It will be understood that although the terms first, second, etc. may be used herein to describe different elements, these elements should not be limited by these terms. These terms are only used to distinguish one element from another element. For example, without departing from the scope of the invention, a first module may be referred to as a second module, and similarly, a second module may be referred to as a first module.

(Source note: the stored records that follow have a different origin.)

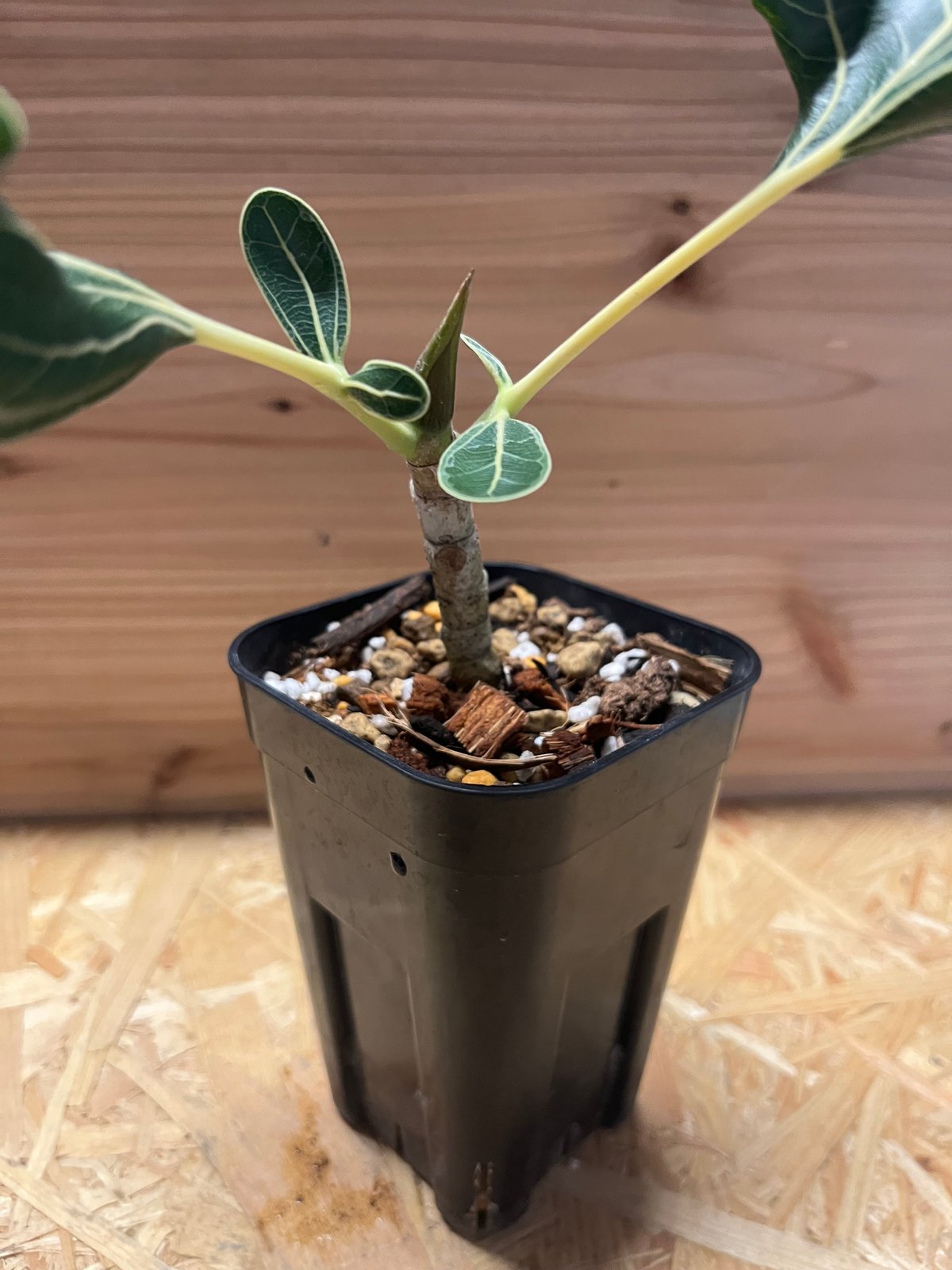 フィカス ⭐︎ベンガレンシス⭐︎クリシュナ菩提樹 フィカス クリシュナボダイジュ | GREEN LUCK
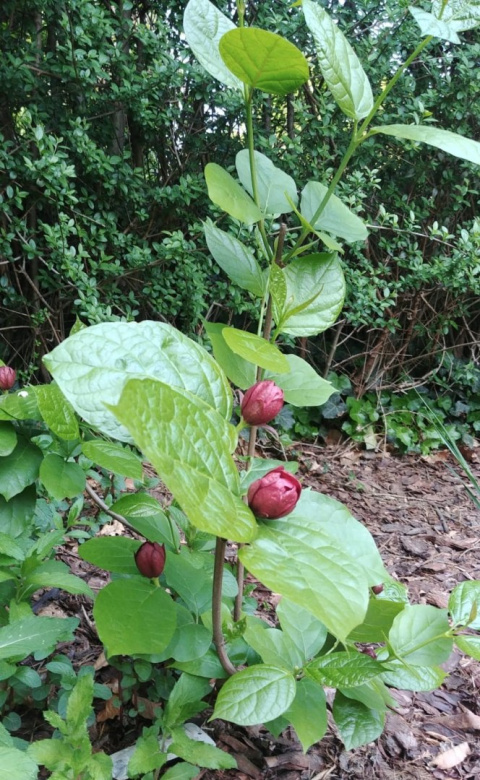 Kielichowiec 'Aphrodite' Calycanthus
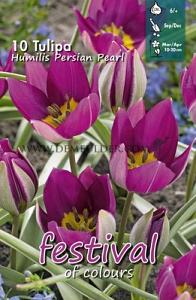 Tulips Humilis Persian Pearl 6/+ (x12x10)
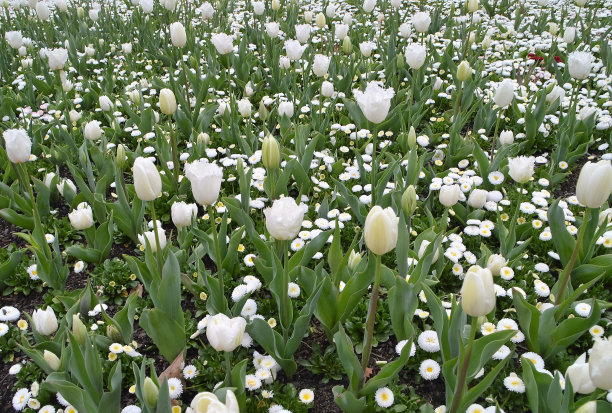 白色郁金香图片下载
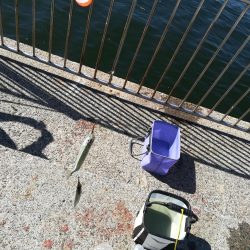 サヨリ よく釣れました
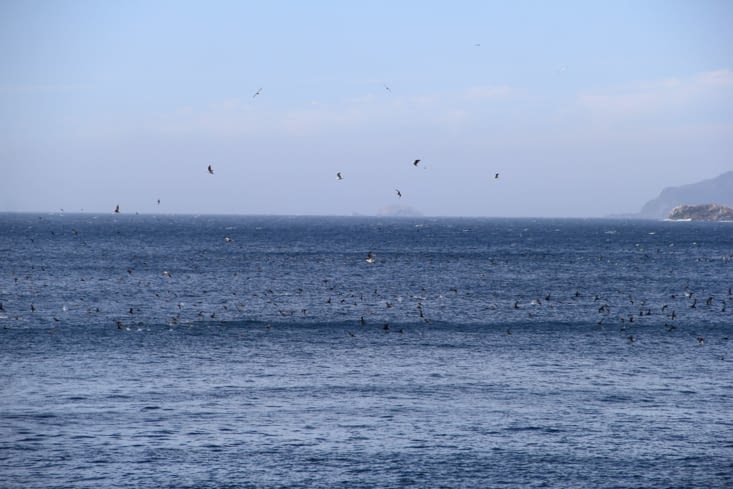 Des centaines d'oiseaux en train de plonger et pêcher
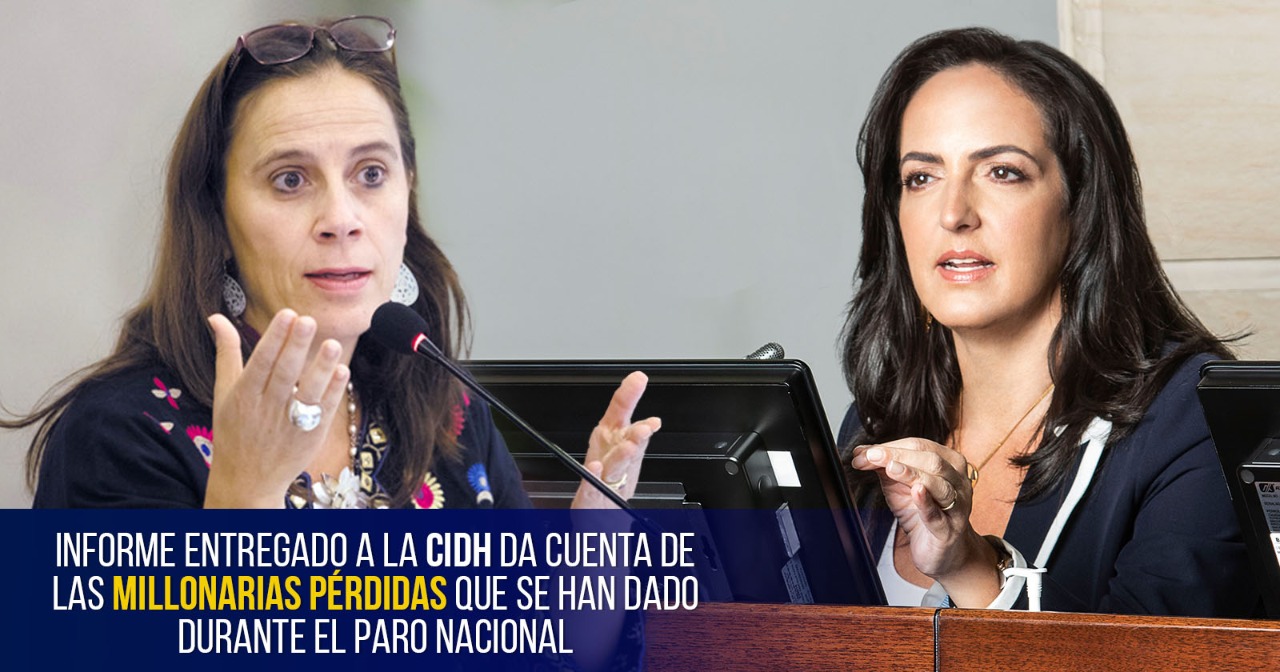 Informe a la CIDH da cuenta de las millonarias pérdidas que se han dado durante el Paro Nacional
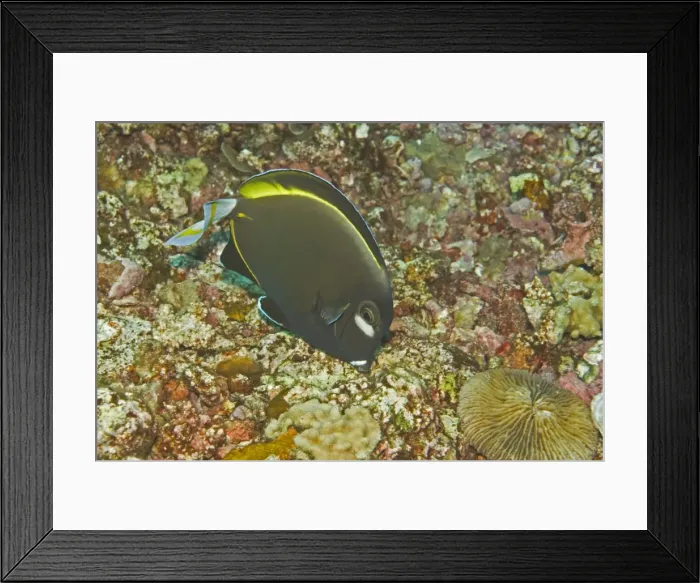 Framed Print : Goldrim Surgeonfish - An aggressive species found along outer reef areas just below the surge line. Feeds on filamentous algae - Papua New Guinea Framed Print : Goldrim Surgeonfish - An aggressive species found along outer reef areas just below the surge line. Feeds on filamentous algae - Papua New Guinea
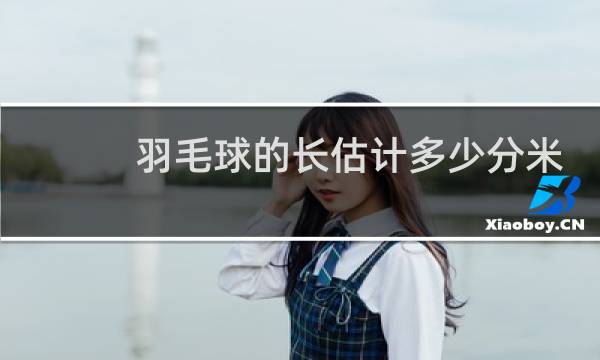 羽毛球的长估计多少分米图片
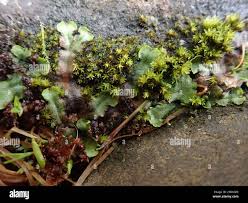 Attēlu rezultāti vaicājumam “Marchantiopsida”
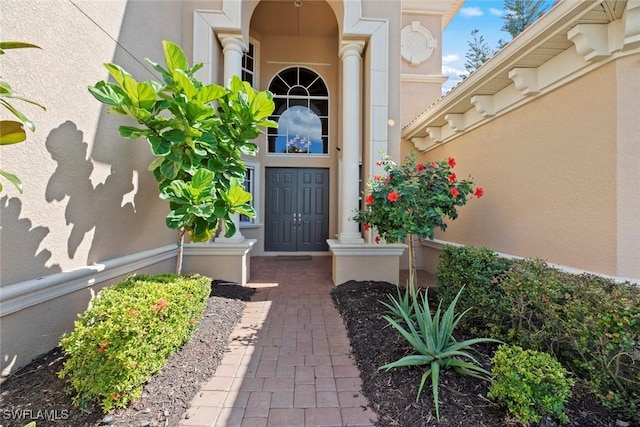 view of exterior entry featuring stucco siding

The terms used in the description of the invention herein are only for the purpose of describing specific embodiments and are not intended to limit the invention. As used in the description of the invention and the appended claims, unless the context clearly indicates otherwise, the singular form is also intended to include the plural form. It will also be understood that the term "and/or" as used herein represents and includes any and all possible combinations of one or more of the relevant listed items. It will also be understood that the terms "including" and/or "comprising" when used in this specification indicate the presence of the features, wholes, steps, operations, elements and/or components of the description, but do not exclude the presence or addition of one or more other features, wholes, steps, operations, elements, components and/or their groups. The components and features of the accompanying drawings do not have to be drawn to scale.

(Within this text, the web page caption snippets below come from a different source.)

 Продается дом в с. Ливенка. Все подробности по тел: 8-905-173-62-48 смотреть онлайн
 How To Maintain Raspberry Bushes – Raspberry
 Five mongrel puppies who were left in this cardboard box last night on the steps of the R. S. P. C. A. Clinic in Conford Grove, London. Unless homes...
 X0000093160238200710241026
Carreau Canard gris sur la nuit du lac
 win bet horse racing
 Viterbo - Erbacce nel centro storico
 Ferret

Embodiments of the inventive concept include methods and systems for emulating multiple physical functions (PFs) in a device using virtual functions (VFs) supported by a device, such as a solid-state drive (SSD). An SSD may have multiple non-volatile memory express (NVMe) controllers represented by multiple PCIe physical functions (PFs) or PCIe virtual functions (VFs). Each PF or VF essentially presents an NVMe controller that can be used by a host NVMe drive to perform data storage functions. The PF has actual physical resources, while the virtual functions share resources with the PFs. Embodiments of the inventive concept may use a collection of VFs in an SSD controller to expose (or expose) multiple PFs to a host. That is, multiple PFs may be emulated by a device, and the VFs may be used internally. From the perspective of the host, the host system software stack sees multiple PCIe PFs and the NVMe controllers behind those PFs. Embodiments of the inventive concept may map and convert all host accesses to PFs to VFs internally.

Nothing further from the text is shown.